### EXERCISE GOAL
Begin with the first line of the listing and quote every line through the one containing "And then if"; give only those lines.

### EXERCISE DATA
------------------------------
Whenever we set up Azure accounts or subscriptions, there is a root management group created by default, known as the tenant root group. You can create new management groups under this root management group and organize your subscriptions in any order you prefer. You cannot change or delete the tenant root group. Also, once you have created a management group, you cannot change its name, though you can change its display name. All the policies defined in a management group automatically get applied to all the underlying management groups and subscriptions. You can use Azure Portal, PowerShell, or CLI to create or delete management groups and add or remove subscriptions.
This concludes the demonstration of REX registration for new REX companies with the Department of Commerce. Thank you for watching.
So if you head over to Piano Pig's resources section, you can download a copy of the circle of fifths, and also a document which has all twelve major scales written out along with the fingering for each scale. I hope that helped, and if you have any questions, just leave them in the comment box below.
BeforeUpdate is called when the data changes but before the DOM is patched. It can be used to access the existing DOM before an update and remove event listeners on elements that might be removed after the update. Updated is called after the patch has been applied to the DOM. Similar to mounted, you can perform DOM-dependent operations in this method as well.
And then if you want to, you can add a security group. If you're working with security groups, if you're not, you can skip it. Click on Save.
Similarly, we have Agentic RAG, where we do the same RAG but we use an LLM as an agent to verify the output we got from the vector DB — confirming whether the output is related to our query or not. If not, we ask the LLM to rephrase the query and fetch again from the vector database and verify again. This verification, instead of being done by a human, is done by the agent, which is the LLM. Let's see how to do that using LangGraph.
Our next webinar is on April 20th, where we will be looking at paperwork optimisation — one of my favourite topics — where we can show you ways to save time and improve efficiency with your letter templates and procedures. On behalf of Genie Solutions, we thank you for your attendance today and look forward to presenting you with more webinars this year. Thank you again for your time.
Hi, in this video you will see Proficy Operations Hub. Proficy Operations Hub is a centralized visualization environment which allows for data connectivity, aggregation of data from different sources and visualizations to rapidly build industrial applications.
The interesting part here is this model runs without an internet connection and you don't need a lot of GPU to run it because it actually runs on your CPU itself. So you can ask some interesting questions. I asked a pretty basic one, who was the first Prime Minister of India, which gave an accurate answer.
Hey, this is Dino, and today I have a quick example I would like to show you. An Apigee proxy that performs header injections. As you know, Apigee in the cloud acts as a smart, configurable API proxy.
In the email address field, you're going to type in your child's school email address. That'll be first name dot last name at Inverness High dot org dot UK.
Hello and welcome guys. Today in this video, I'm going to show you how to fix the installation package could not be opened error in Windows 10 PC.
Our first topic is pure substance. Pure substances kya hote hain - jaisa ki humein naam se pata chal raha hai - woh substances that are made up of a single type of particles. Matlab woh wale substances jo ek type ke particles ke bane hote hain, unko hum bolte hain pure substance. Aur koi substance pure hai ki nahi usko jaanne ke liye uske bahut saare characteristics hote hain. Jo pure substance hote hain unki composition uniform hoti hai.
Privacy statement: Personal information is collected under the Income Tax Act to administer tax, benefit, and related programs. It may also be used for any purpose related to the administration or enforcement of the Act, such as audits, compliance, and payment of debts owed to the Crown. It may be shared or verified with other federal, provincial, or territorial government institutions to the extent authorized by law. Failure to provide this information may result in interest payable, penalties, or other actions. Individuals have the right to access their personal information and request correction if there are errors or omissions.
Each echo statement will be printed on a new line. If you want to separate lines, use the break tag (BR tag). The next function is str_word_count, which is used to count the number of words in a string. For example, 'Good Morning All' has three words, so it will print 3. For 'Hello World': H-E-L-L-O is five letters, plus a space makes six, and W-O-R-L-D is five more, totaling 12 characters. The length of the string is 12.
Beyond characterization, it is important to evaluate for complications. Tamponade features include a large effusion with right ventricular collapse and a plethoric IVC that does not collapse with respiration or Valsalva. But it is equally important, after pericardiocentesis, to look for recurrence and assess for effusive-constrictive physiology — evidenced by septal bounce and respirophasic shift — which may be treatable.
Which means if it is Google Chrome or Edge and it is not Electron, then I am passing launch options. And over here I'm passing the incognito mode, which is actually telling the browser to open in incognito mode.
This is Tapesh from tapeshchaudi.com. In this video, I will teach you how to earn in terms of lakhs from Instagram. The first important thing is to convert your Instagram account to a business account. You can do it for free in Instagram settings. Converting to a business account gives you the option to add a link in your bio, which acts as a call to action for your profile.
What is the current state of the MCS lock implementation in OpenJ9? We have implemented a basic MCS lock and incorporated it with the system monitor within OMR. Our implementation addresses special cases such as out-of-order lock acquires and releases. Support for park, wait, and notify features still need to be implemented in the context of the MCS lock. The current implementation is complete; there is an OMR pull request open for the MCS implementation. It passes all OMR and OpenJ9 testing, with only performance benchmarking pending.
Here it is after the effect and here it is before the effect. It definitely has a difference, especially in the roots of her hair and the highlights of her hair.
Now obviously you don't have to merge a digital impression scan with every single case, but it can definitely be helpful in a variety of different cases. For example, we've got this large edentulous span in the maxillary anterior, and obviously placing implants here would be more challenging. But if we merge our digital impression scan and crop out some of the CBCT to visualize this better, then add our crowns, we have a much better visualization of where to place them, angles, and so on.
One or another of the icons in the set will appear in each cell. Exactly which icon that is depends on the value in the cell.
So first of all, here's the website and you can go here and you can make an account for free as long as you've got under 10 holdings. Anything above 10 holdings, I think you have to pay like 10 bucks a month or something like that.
------------------------------
### SOLUTION FOR THIS TASK
Whenever we set up Azure accounts or subscriptions, there is a root management group created by default, known as the tenant root group. You can create new management groups under this root management group and organize your subscriptions in any order you prefer. You cannot change or delete the tenant root group. Also, once you have created a management group, you cannot change its name, though you can change its display name. All the policies defined in a management group automatically get applied to all the underlying management groups and subscriptions. You can use Azure Portal, PowerShell, or CLI to create or delete management groups and add or remove subscriptions.
This concludes the demonstration of REX registration for new REX companies with the Department of Commerce. Thank you for watching.
So if you head over to Piano Pig's resources section, you can download a copy of the circle of fifths, and also a document which has all twelve major scales written out along with the fingering for each scale. I hope that helped, and if you have any questions, just leave them in the comment box below.
BeforeUpdate is called when the data changes but before the DOM is patched. It can be used to access the existing DOM before an update and remove event listeners on elements that might be removed after the update. Updated is called after the patch has been applied to the DOM. Similar to mounted, you can perform DOM-dependent operations in this method as well.
And then if you want to, you can add a security group. If you're working with security groups, if you're not, you can skip it. Click on Save.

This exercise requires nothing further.